Human head effigy vase
Early Intermediate Period (Nasca Phases 3-4)
Object Place: Peru, South Coast
19.3 x 13.8 cm (7 5/8 x 5 7/16 in.)
Medium or Technique
Earthenware: red, orange, black, and white on cream slip paint
Ancient South America Gallery (Gallery LG33)
Ritual drinking vessel with a tall and slightly outflaring neck and rounded base, modeled and painted to represent a human head, perhaps a stylized representation of a Nasca leader. The face is decorated with black painting around the eyes, and he has a thin mustache and goatee. He wears an elaborate head wrap of decorated cords and feathers and with a chin strap. His hair is indicated by black- painted bangs and three strands that emerge from underneath the hat at both sides of his face, the black paint/hair also extending across the rear of the vessel. A diagonal ridge of clay on the vase’s sides represents ears. A small crack extends from the rim down the center of the cap and terminates at the nose.
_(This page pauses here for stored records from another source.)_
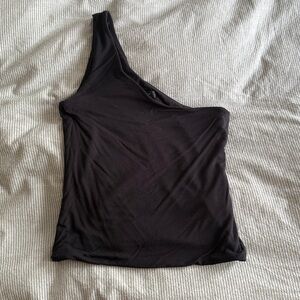 J. Crew One Shoulder Black Top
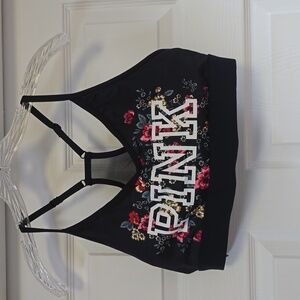 VS PINK  floral black sports bra Size XL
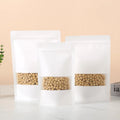 Reusable Flat Bottom Stand up Food Packing Zipper Bag Coffee Shop Bread Package Kraft Paper Bags with Transparent Window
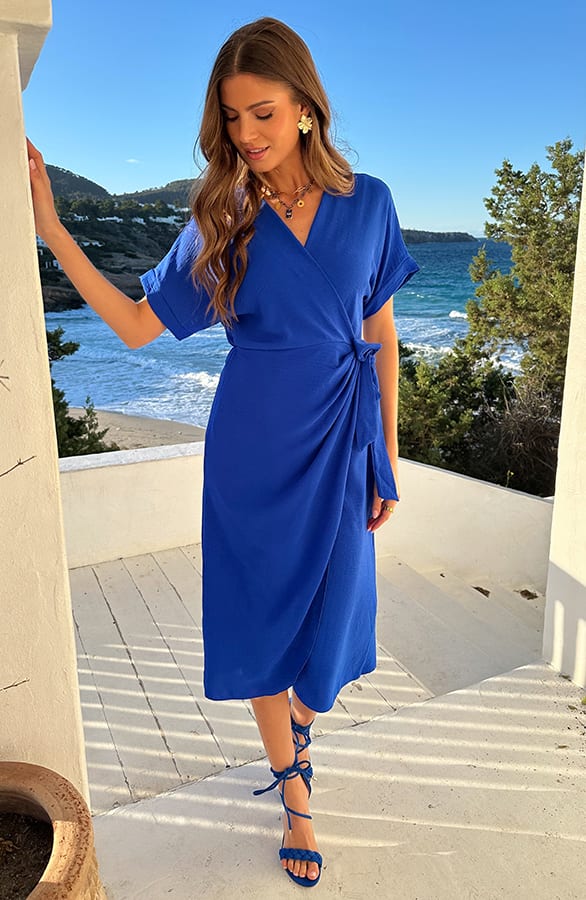 Miami Wrap Maxi Jurk Kobalt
This vase depicts a man with mustache, face painting around the eyes, and a headdress of wrapped cords and feathers. It may represent a trophy head or an important Nasca personage.
On bottom: "21" and "C" in black.
Between the early 1940s and late 1950s, probably acquired in Peru by Bernhard Kummel (b. 1919 - d. 1980), Cambridge, MA [see note]; late 1950s, sold by Bernhard Kummel to an anonymous collection; 2001, anonymous gift to the MFA. (Accession Date: March 21, 2001)
NOTE: The Boston Globe reported ("South America's Rainy Jungle Less Dangerous than Harvard Square," November 17, 1957) on the time Dr. Kummel, a Harvard professor of geology, spent in Peru. He and his wife are pictured holding Peruvian vessels from their collection.